During a Jan. 28 Criminal Justice Reform Committee meeting, Assistant Chief of Police Brandon Winkenwerder presented data collected by SMPD showing the total low-level arrest offenses in 2018 and 2019.
According to the data, there were 543 arrests for low-level offenses in 2018, 146 of which were eligible for cite-and-release. This is comparable to 398 arrests in 2019, 134 of which were eligible. A total of 22 citations were given in 2018 and 31 in 2019.

More than half of citation-eligible offenses in 2018 involved possession of marijuana under two ounces and driving with an invalid license.
In September, Hays County released data showing SMPD’s use of arrests for citation-eligible offenses in 2018. The data showed that 72 eligible cases involved a black individual and all of them resulted in an arrest—a detail that was vehemently challenged by activist organizations and local residents.
Winkenwerder said the increase in citations given in 2019 for possession of marijuana is both the result of communicating with sergeants and the changing of public opinion on the drug’s legalization.

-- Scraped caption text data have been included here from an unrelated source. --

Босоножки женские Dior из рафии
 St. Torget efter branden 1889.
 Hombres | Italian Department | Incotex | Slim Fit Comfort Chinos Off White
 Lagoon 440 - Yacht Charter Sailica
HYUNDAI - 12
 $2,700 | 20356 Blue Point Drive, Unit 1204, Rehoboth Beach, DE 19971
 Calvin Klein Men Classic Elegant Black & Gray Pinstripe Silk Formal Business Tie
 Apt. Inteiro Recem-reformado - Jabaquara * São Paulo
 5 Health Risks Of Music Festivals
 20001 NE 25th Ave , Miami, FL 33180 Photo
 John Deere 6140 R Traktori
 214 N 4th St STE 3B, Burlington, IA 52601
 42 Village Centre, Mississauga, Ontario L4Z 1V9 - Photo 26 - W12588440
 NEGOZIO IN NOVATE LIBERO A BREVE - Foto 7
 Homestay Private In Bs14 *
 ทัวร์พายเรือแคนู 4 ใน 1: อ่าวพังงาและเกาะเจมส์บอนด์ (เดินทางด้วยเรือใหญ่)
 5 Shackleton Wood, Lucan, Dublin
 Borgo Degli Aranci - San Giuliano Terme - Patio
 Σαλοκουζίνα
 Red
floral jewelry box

“The citation increase was the direct result of us meeting with sergeants and getting their people on board to start giving more (citations),” Winkenwerder said. “A lot of that was in relation to possession of marijuana because the driving message seems to be that everyone is hearing in the media that (people) want it legalized. I think a lot of their opinions are that it’s not that big of a deal.”
Mano Amiga co-founder Jordan Buckley said despite the newly released data there is still a need for improvement, citing SMPD chose to arrest for the majority of cases where cite-and-release was an option.
“Assuming (SMPD’s) figures are accurate—which an ordinance ensuring data transparency would enable in the future—by SMPD’s own calculations, they arrested Hays County residents 77% of the time for citation-eligible offenses in 2019,” Buckley said. “It’s clear San Marcos officers direly need guidance from (city council) on how to use their discretion.”
According to the draft ordinance, a subject would not be eligible for cite-and-release if they can not provide satisfactory personal identification, is not a resident of Hays County, there is a reason to believe the safety of persons—including the subject—would be endangered by the release of the subject or the subject demands to be taken before the magistrate.
Additionally, if a subject has an outstanding arrest warrant or is suspected of committing an offense that is not protected under cite-and-release they would also not be eligible.
According to Winkenwerder, if a person is caught with more than one type of drug under current law they are not eligible for cite-and-release; however, a person can have more than one class C misdemeanor and still be eligible.
A resident of Hays County is defined as anyone having a Hays County address. According to Winkenwerder, that includes all Texas State students even if their permanent address is not in Hays County.
If passed, the ordinance would also require the city manager to make public a quarterly report of every instance SMPD makes an arrest for a citation-eligible offense.
The ordinance has received over 500 petition signatures and is supported by groups like MOVE Texas, Texas Rising, Latinas Unidas, RFK Young Leaders, Black Women United and Texas State’s NAACP chapter.
Mano Amiga Policy Director Eric Martinez said outlining to officers when it is appropriate to make an arrest will bring in noticeable results.
“While we’re encouraged to see the committee resolve to bring the ordinance for discussion at council, it’s imperative to realize the importance of guiding officer discretion via disqualifying circumstances in order to see the largest impact,” Martinez said.
An education forum on the cite-and-release ordinance will be held by Mano Amiga Feb. 16 at the Hispanic Culture Center of San Marcos at 5 p.m.
San Marcos City Council meets every first and third Tuesday of each month at 6 p.m. The agenda can be accessed through the Agenda Center on the City of San Marcos website.